• music

Two visionary artists have created a Mecca for electronic music in Melbourne.

Byron Scullin  & Robin Fox at MESS. Photo by Kristoffer Paulsen.

Byron Scullin & Robin Fox at MESS. Photo by Kristoffer Paulsen.

There’s a VCS 1 synthesiser on display in a NSW museum, and sound artist Byron Scullin is concerned for its welfare.

“These instruments need to be used to be maintained,” he says. “They can’t just sit in a cupboard. Because they’re electronics they’ve got copper and chemicals inside, so things can bust and explode, they can suffer from corrosion and rust. So unless they’re turned on and used, they degrade over time.”

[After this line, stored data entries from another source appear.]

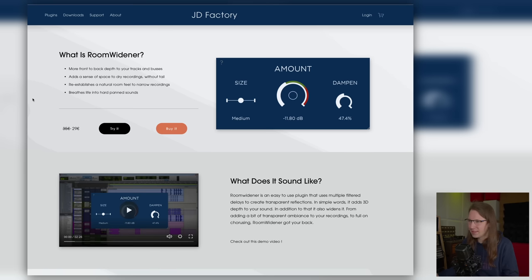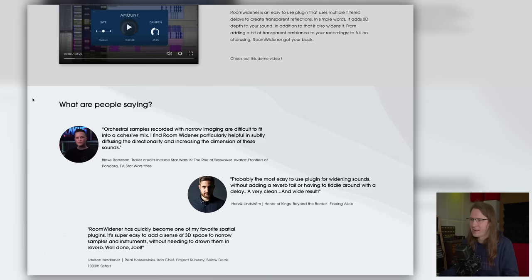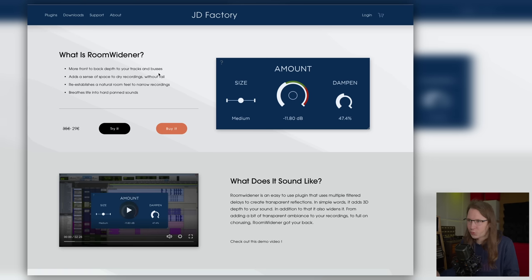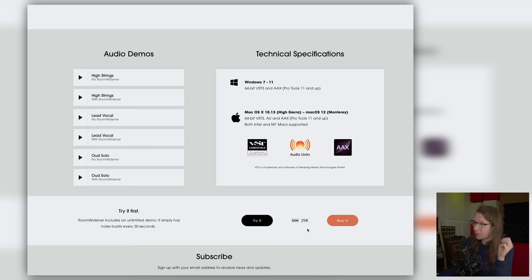Room Widener from J-Day Factory — this is the website and it's pretty laid back and straightforward. What is Room Widener? It adds more front-to-back depth to your tracks and buses, and adds a sense of space to dry recordings without a tail. I would say it has some kind of room simulation — if you're putting something in a room, you're creating reflections, and reflections are basically reverb. It sells for €29 right now, €35 normally, which is kind of steep for a widening plugin. I'm running the unlimited demo that has noise bursts every 30 seconds.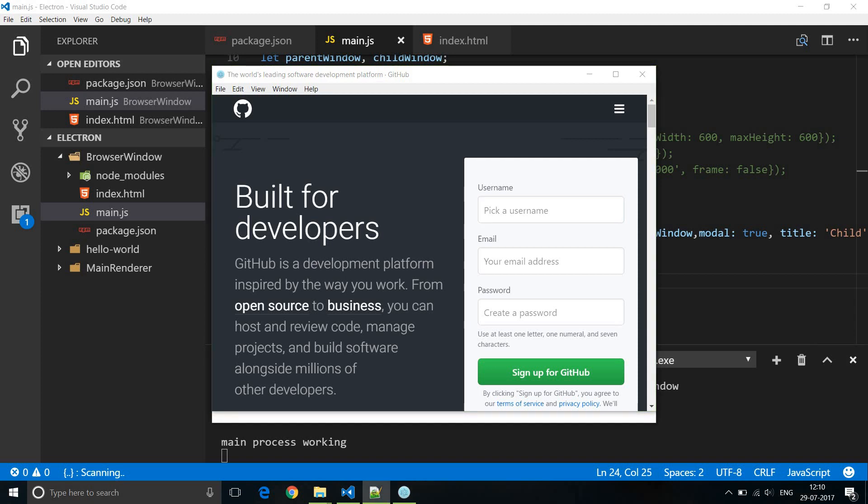Those are some of the options for browser windows. There are about a hundred different things you can configure, so I'd recommend going through the Electron documentation to get a feel for what BrowserWindow is capable of. The documentation also specifies the different events on the browser window. Thank you for watching — don't forget to subscribe and I'll see you in the next one.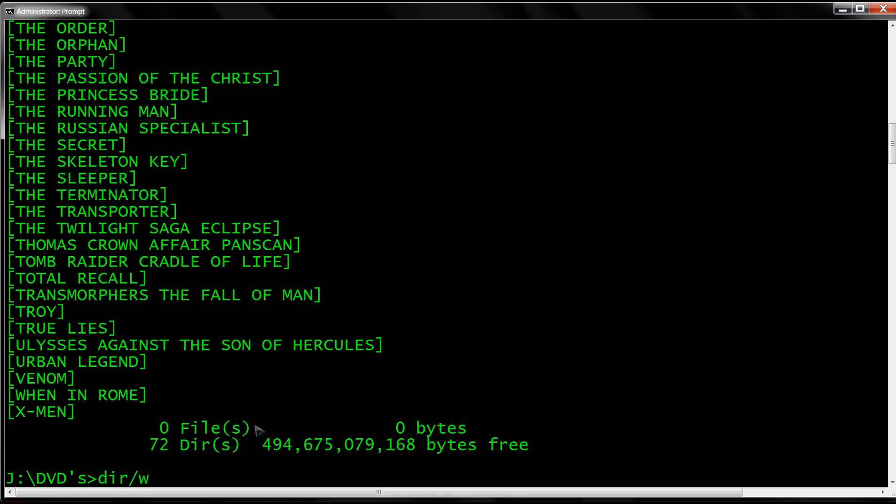So we're going to go directory with the width switch or slash W, and then what we're going to do is use the redirector. So rather than send the output to screen or printer, we're going to send it to a text file on our C drive and we're going to call it movies.txt.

As co-director of the Melbourne Electronic Sound Studio with fellow noise maker Robin Fox, keeping synths and other electronic instruments in active use is part of Byron’s job description. The pair created the not-for-profit organisation two years ago to give today’s electronic composers a chance to get away from their computers and play with some real toys – synths, drum machines, theremins and more.

Located in the basement of the Meat Market art space in North Melbourne, the idea is based on spaces that helped launch electronic music into the world, like the BBC Radiophonic Workshop and the West German Radio’s Studio for Electronic Music in Cologne. “What happened to all those places where it was just a big room full of machines, and it wasn’t really like a recording studio and people could just experiment and muck around with tools, and come up with ideas?,” says Byron.

And a big room full of machines is exactly what they’ve built. Thanks to some generous loans and donations from avid collectors who also want to keep their treasures out of storage, the collection at MESS now sits at over five hundred pieces, with around 120 available in the studio at any given time. Robin and Byron have provided some instruments, along with Wally de Backer (also known as Gotye), merchant banker/musician Tony Osmond and Nicole Skeltys from the ‘90s group B(if)tek. More items are being donated all the time, including huge stacks of magazines like Keyboard, Sound on Sound, and Future Music.

Moog 55 at MESS. Photo by Kristoffer Paulsen.

Moog 55 at MESS. Photo by Kristoffer Paulsen.

Despite the studio’s name everything is organised very neatly. Smaller controllers and keyboards are arranged on shelves and racks of cables dangle at useful intervals down the corridor-like room. Instruments of greater historical significance have their own dedicated desks, accompanied by laminated explanatory notes. Members of the studio can book a four-hour session for a small fee and use whatever equipment they want. The studio also offers a series of workshops for newbies and veterans alike.

Already, MESS has played host to some high-profile visiting artists. The Magnetic Fields dropped by when they were in town for the Melbourne Festival, and they’ve had visits from Berlin-based DJ and producer Paula Temple and Chilean-American musician Nicolas Jaar. They’ve also hosted an artist-in-residence program, which this year featured “musical chameleon” Chiara Kickdrum and minimalist composer, David Chesworth.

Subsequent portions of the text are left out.